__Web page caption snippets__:
§ §

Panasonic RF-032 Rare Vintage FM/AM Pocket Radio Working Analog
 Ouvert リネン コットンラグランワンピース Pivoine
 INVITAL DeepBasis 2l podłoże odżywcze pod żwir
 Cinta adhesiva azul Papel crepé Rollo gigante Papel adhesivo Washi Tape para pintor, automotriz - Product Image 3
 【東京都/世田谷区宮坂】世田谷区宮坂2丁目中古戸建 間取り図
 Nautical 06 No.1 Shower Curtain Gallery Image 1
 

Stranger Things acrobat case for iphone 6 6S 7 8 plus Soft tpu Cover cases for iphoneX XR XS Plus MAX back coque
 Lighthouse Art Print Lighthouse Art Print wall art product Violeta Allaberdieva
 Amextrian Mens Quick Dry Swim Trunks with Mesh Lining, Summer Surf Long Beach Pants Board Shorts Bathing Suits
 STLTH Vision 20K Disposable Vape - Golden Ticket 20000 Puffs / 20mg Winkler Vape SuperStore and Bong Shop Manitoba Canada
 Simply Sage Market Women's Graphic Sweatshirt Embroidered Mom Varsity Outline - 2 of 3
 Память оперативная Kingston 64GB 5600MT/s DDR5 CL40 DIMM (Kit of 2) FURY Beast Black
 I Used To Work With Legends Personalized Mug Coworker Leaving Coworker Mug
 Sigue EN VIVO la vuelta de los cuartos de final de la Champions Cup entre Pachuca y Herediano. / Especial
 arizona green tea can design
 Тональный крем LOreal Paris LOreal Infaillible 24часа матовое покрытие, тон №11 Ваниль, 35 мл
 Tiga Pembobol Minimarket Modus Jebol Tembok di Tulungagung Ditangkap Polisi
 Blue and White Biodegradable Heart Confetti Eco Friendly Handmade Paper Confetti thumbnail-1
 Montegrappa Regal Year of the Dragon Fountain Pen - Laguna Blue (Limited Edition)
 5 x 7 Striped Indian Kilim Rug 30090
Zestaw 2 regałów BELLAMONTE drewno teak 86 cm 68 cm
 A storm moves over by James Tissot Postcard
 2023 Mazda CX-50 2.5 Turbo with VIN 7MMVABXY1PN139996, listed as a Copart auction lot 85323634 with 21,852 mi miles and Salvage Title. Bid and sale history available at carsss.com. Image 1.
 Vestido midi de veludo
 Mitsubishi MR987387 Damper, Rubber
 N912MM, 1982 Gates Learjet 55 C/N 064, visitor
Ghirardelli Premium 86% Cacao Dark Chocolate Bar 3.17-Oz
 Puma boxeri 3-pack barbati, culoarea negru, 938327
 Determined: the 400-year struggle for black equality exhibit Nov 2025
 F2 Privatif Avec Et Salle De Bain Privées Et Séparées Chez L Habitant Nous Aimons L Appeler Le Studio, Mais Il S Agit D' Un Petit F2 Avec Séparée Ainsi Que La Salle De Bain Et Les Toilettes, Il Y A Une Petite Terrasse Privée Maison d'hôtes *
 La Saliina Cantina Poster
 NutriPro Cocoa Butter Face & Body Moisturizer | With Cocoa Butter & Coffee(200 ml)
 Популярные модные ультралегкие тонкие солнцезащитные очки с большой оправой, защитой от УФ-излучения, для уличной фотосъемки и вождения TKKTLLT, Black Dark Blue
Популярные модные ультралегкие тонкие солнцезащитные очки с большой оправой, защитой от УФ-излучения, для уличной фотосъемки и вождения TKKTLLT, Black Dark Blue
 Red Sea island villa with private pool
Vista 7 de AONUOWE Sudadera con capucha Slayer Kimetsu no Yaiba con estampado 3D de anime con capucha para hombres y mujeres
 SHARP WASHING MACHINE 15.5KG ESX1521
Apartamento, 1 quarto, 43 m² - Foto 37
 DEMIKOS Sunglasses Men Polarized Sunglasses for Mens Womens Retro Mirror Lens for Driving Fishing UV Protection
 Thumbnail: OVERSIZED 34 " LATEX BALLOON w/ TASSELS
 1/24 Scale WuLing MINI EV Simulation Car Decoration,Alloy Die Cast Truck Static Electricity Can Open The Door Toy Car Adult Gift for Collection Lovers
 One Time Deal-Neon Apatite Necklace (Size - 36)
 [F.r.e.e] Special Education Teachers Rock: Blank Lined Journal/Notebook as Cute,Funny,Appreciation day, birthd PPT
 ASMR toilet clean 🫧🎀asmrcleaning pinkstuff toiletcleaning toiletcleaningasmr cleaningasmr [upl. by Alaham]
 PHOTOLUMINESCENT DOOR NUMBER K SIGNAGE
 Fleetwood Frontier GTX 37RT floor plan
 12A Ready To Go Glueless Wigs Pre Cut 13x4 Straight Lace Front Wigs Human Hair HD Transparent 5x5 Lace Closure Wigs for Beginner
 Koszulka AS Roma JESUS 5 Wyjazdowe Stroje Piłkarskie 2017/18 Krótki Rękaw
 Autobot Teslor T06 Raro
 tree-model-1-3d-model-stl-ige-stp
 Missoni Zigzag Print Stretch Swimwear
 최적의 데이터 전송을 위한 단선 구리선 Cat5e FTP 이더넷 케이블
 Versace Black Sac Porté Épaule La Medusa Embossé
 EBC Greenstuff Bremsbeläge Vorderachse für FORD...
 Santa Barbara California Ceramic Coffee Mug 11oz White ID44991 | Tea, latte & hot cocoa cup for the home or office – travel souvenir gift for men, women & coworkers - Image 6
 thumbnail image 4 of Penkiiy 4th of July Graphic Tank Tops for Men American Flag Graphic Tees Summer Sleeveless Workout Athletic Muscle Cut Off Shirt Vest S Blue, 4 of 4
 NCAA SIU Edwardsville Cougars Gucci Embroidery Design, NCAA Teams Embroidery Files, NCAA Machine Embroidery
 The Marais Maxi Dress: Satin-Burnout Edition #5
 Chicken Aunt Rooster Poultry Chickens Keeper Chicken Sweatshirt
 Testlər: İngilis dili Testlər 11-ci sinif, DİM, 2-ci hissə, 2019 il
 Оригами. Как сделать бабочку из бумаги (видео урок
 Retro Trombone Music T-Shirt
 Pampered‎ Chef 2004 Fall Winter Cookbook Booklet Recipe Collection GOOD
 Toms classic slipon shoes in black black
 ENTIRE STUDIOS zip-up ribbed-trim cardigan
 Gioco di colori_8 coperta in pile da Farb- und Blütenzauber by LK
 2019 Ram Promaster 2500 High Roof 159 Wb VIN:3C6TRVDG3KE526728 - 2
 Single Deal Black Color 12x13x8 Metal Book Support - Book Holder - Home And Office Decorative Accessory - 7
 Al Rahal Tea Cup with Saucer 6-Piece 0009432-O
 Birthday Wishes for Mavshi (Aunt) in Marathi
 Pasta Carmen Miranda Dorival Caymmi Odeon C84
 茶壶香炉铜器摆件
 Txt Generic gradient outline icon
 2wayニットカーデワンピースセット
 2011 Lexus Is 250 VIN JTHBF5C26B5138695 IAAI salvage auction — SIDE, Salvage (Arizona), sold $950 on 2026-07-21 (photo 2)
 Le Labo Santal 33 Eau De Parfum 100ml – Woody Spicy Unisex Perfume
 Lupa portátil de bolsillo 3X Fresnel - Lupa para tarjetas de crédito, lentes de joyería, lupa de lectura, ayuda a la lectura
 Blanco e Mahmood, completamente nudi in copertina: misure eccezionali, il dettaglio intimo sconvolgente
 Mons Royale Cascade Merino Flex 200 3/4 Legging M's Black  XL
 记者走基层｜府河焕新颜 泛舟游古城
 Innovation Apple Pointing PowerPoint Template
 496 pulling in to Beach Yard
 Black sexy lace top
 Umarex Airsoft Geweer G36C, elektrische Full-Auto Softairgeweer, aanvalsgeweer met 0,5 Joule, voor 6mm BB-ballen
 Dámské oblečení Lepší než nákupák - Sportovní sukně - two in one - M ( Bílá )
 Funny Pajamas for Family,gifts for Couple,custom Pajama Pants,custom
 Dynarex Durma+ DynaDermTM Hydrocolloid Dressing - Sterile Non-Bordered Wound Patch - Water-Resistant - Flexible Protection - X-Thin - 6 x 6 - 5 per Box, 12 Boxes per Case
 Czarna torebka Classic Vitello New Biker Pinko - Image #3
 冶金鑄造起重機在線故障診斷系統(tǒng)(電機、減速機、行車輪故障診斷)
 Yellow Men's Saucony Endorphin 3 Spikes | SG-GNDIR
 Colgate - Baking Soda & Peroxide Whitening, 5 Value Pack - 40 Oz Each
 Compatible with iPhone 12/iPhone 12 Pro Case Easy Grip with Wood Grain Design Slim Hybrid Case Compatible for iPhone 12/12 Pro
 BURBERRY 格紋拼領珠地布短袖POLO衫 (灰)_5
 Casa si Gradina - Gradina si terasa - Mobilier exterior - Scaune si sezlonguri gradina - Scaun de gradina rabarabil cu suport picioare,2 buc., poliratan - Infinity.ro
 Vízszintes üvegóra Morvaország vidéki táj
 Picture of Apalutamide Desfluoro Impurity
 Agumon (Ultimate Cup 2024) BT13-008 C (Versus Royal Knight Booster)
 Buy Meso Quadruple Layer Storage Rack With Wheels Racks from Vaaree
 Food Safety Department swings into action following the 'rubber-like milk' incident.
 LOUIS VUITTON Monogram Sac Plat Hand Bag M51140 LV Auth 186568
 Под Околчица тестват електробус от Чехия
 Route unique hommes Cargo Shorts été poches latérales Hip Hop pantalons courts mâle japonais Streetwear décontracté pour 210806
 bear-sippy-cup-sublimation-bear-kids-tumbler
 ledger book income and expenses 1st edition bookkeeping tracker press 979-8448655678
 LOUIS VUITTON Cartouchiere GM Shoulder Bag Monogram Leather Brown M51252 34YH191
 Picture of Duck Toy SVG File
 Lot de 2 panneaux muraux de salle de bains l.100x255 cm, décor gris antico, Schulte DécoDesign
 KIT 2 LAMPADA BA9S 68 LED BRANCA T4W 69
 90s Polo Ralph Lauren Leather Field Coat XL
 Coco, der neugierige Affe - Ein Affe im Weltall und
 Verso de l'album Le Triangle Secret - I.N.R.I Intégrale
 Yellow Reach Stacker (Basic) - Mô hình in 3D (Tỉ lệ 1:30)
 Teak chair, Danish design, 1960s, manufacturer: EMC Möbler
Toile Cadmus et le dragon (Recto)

§ §

__TASK DIRECTIONS__: Go line by line through the data, copying each one that contains the word "оправой".

__ANSWER FOR THE TASK__:
 Популярные модные ультралегкие тонкие солнцезащитные очки с большой оправой, защитой от УФ-излучения, для уличной фотосъемки и вождения TKKTLLT, Black Dark Blue
Популярные модные ультралегкие тонкие солнцезащитные очки с большой оправой, защитой от УФ-излучения, для уличной фотосъемки и вождения TKKTLLT, Black Dark Blue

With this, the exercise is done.